Gil Holder brings a very strong point to light.
But I’d like to comment on Michael Kircher’s question: Why are Jewish doctors so less likely to believe in ID?
It could be that Judaism (with the exception of extreme sections) is built on the idea of asking questions. There are tomes written on arguments between great Jewish teachers. These books are used for study and not taken as unquestionable fact (two Jews, three opinions). This is not present in many of the religions that were polled.
Don’t forget, to be Jewish only requires that your mother is Jewish (or you convert, which entails the person to question why they are converting not once but three times. Jews are not missionaries) therefore it is possible to be an atheist and Jew at the same time.
Where else can you find that kind of juxtaposition?
Thanks Ivy for the thoughtful response. Christians have been trying desperately to find an answer to Darwin’s theory for over a hundred years; first utter denial and threats, then creationism science, and along the way the idea that god’s days are actually millions of years each–you know, six days equals a couple hundred million years!(?), then of course Intelligent Design! Why can’t they be content to accept that their practice of their religion is not bothered by scientific discoveries…unless, of course, they feel the need to convert every last soul on…OH! I get it! (In Emily Latella’s voice) Nevermind.

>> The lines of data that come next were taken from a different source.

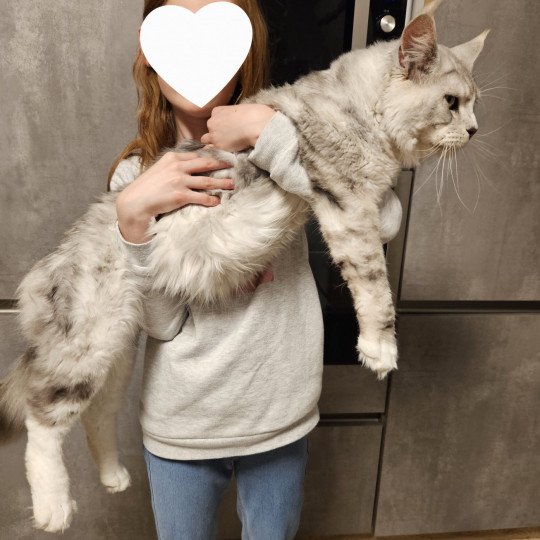 chat Maine coon black silver shaded & blanc MYCAT NORDIC LIGHT Maine Coon de L'Or sauvage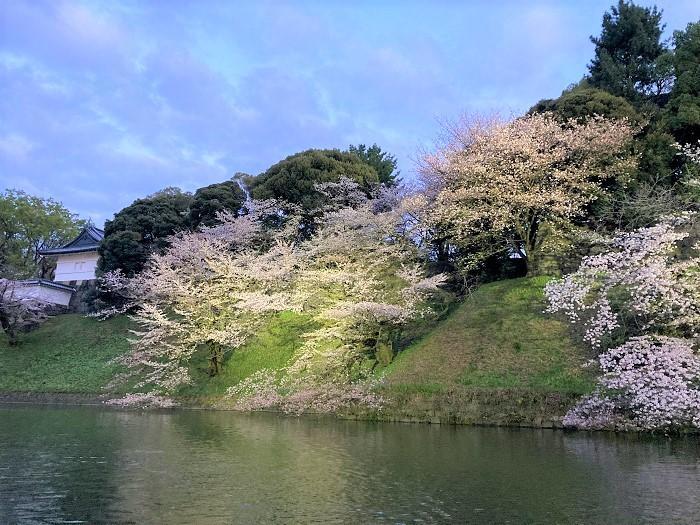 【千代田区】さくらまつりが4年ぶりに開催！千鳥ヶ淵緑道～ボート上から桜を愛でる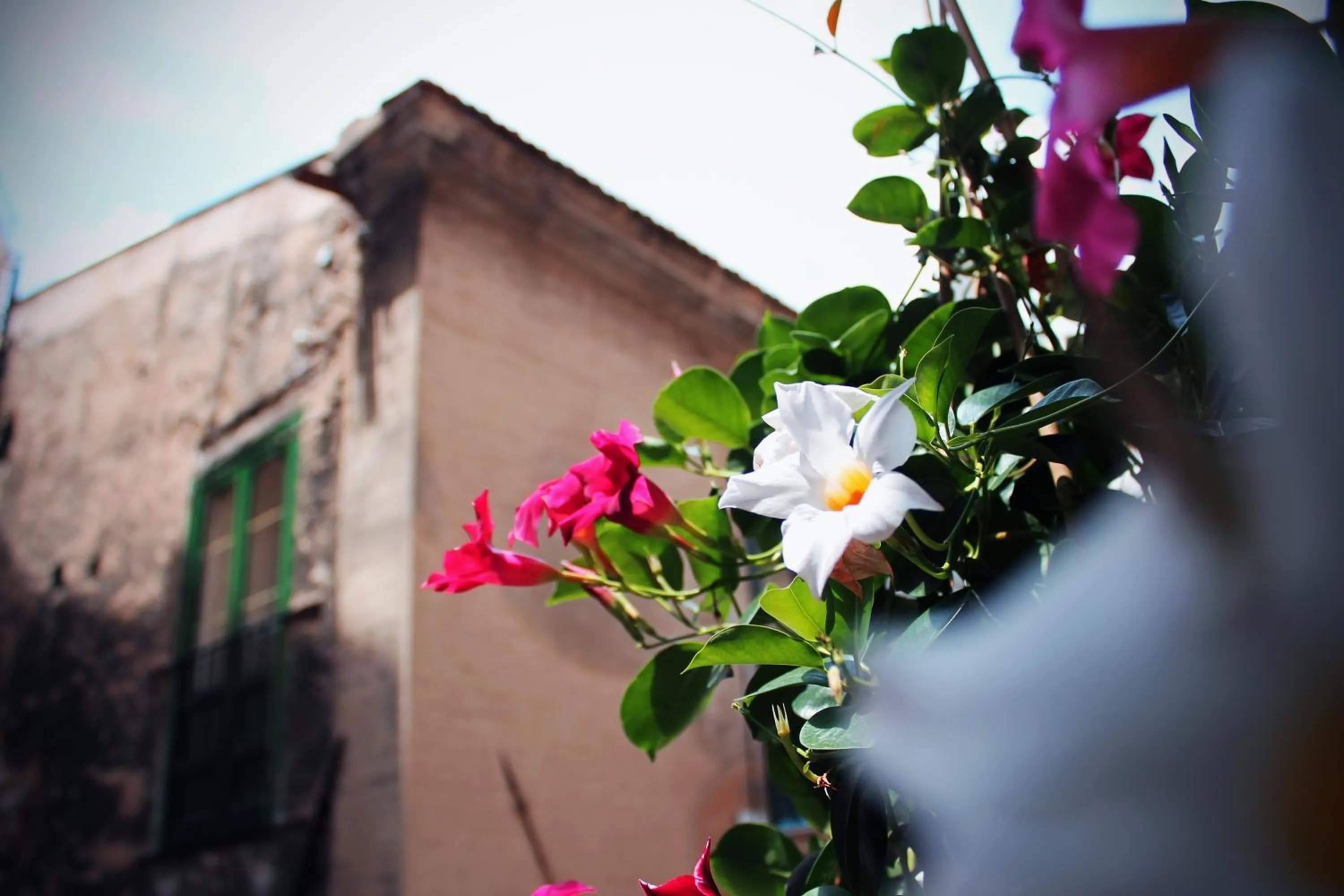 View (from property/room) in Palazzo delle Logge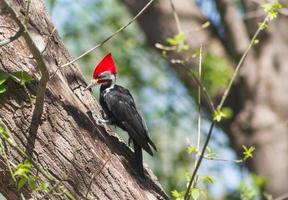 svart hackspett i dess naturlig livsmiljö i cordoba argentina foto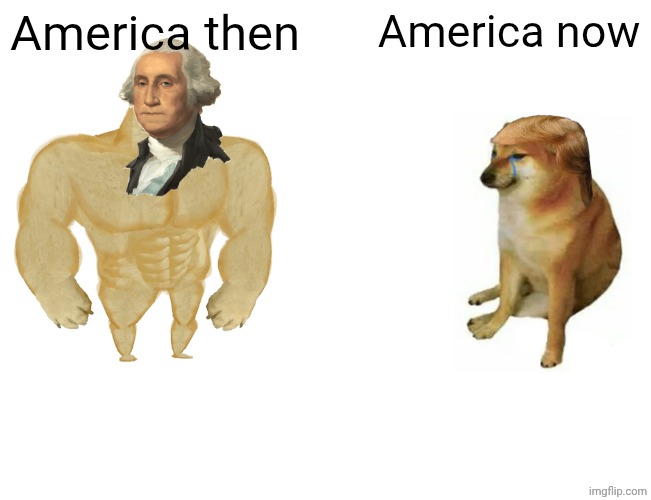 Buff doge vs cheems | America then; America now | image tagged in memes,buff doge vs cheems,america | made w/ Imgflip meme maker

Michael, I think that everyone is desperately trying to find the answer to Darwin’s theory…it is flawed.
Which maybe the reason that so many intelligent people fall for ID. Einstein once said, “No amount of experimentation can ever prove me right; a single experiment can prove me wrong.”
When someone comes up with a flaw in a theory all of a sudden it is announced that the theory is wrong. What they don’t understand is that this does not negate the facts that supported this theory. The whole throwing out the baby with the bathwater syndrome comes into play.
I’ve found myself having to explain (sometimes prove) what a theory is before I can go on with the conversation (or argument).
I think that the more complicated science becomes the more people will turn to an answer that makes sense to them, even if it is illogical. People like neat and tidy and science tends to be a ball of questions that, when answered unlock more questions.
You guys crack me up. The average doctor is a little better than a good nurse, IF the doctor makes rounds each day and takes calls while they’re on vacation.
In about 1995, Frontline reported that about 70% of the medical techniques being used had never been proved to be of value. If you worked in the field for a few decades, you could verify this by comparing what you do now with what you did then.
The medical field is loaded with mumbo-jumbo and deep bows to the swami doctor. Don’t be surprised if a lot of them are faith healers.
Actually when you read something like this, you really need a psych major to parse the answers, and really, there should have been some follow up questions to define the parameters. Were the MD’s specifically thinking of ID as expressed by the official organizations? Or were they thinking of the concepts of Chaos vs. Cosmos?
Without that piece of knowledge you don’t know if they were commenting on an ultimate source of existence, or just saying that they believed in thunder gods.
And philosophically, isn’t that distinction relevant? I have, over the last few months met a number of pro-evolution people who assert (a number of them biologists with doctorates) that evolution proves the random (chaotic) nature of the universe, to which I replied….”run away, run away…”
Well anyway, I worked at a big Pharma co. for three years in R&D. Frankly, the actual knowledge of the MD’s worried me…they had none, no thinking skills, no ability to reason…zip. I think it had to do with the severe indoctrination into authority driven social systems that they experienced in med school. To demonstrate I used to ask MD’s if the student could ever be smarter than the teacher. Without reservation they almost all answered no…at which point I asked them where they kept the leeches.
Personally, I only see NP’s for day to day medical needs. They focus on accurate research, rather than a false hubris attempt at memorizing everything.